If GPT-4 is asked to emulate the writing style of Carmen Machado, Margaret Atwood, or Alexander Chee, it can produce a reasonably accurate rendition, thanks to the extensive consumption of their works during the training process. However, these authors, along with thousands of others, are dissatisfied with this situation.
More than 8,500 authors of fiction, non-fiction, and poetry have come together to express their concerns in an open letter. The letter specifically calls out the technology companies responsible for large language models such as ChatGPT, Bard, LLaMa, and others, accusing them of utilizing their writings without permission or compensation.
The authors assert that these technologies imitate and reproduce their language, stories, style, and ideas.
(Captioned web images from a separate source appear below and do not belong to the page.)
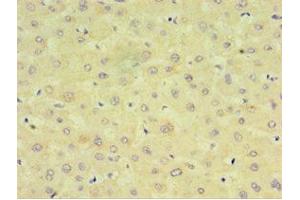 Immunohistochemistry of paraffin-embedded human liver tissue using ABIN7149254 at dilution of 1:100 (CYP2J2 Antikörper  (AA 328-502))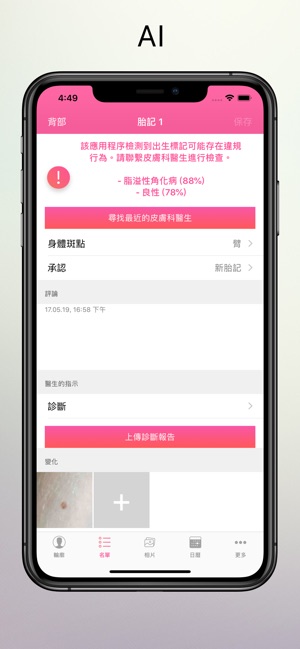 皮膚癌檢查(圖7)-速報App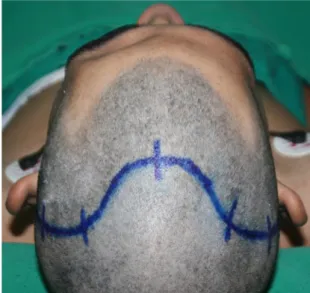 Figura  5.  Vista  do  paciente  com  afundamento  do  osso  frontal,  após  incisão  e  descolamento  periosteal,  com  visão  direta  da  fratura  (seta)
They highlight the fact that millions of copyrighted books, articles, essays, and poetry serve as the “fuel” for AI systems, without any payment rendered for these literary contributions.
Despite the AI systems demonstrating the ability to quote and mimic the mentioned authors, the developers have not adequately addressed the origin of these works. Were they trained on scraped samples from bookstores and reviews? Did they borrow every book from libraries? Or did they simply acquire materials from illegal archives like Libgen?
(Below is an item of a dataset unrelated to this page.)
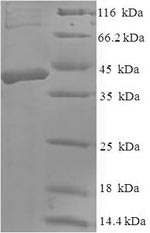 Human DKK2 protein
One thing is clear: the developers did not obtain proper licenses from publishers, which is undoubtedly the preferred, and arguably the only legal and ethical, approach. As the authors emphasize in their letter:
Not only does the recent Supreme Court decision in Warhol v. Goldsmith make clear that the high commerciality of your use argues against fair use, but no court would excuse copying illegally sourced works as fair use. As a result of embedding our writings in your systems, generative AI threatens to damage our profession by flooding the market with mediocre, machine-written books, stories, and journalism based on our work.
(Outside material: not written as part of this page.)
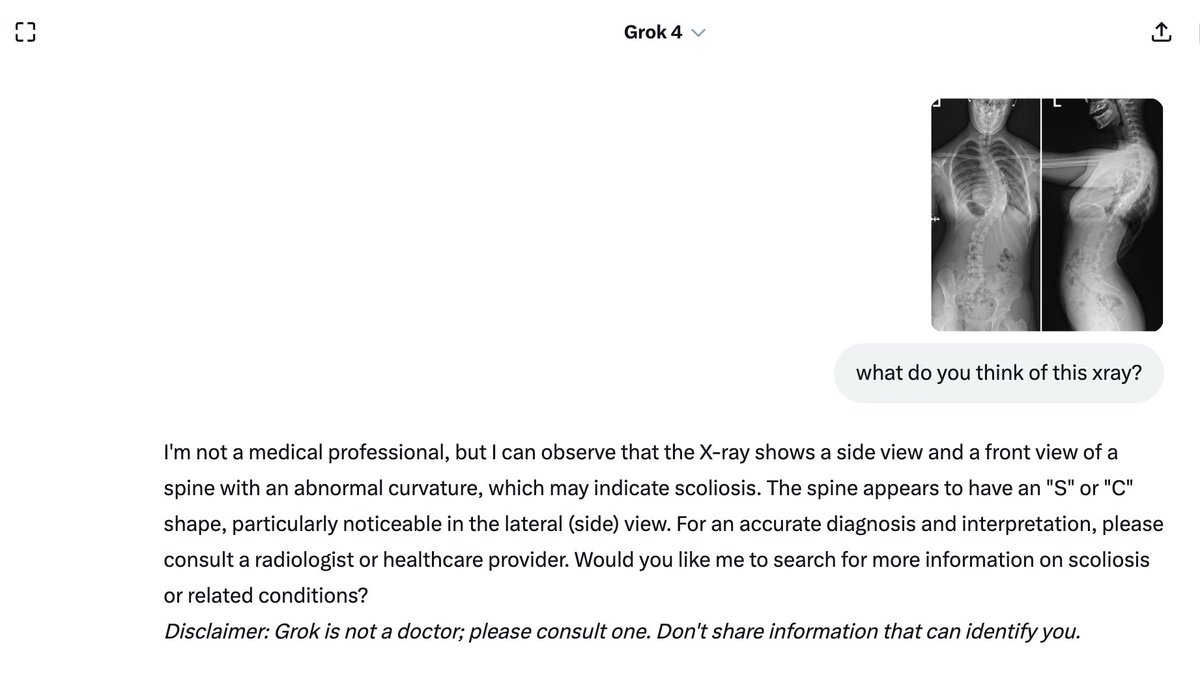BasselDiebo's tweet image. .. and the lights are off.
As I predicted for the past few months; General AI officially stopped commenting on medical imaging. Pics from Claude and Grok.
Phone calls likely started coming from FDA?
In Healthcare, the future is for regulated AI.
Pics from testing Grok and…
Certainly, we have witnessed this phenomenon firsthand. Recently, several poorly crafted AI-generated works have surged in popularity on Amazon’s YA best-seller lists. Publishers are facing an overwhelming influx of generated content, and even this website (and soon, this very post) is scraped for material that is repurposed for SEO bait.
These unscrupulous individuals are utilizing tools, APIs, and agents developed by companies like OpenAI and Meta, which could themselves be considered unscrupulous actors in this context. After all, who else would knowingly appropriate millions of works to fuel a new commercial product? (Well, Google might fit that description too, but their search indexing differs significantly from AI ingestion, and Google Books had at least claimed the purpose of being a dedicated index.)
Due to the complexities and slim profit margins of large-scale publishing, fewer authors are able to sustain a livelihood from writing. This predicament is particularly dire for newer authors, especially young writers and those from under-represented communities, as highlighted in the open letter.
In response, the letter calls upon the companies to take the following actions:
? Obtain permission for use of our copyrighted material in your generative AI programs.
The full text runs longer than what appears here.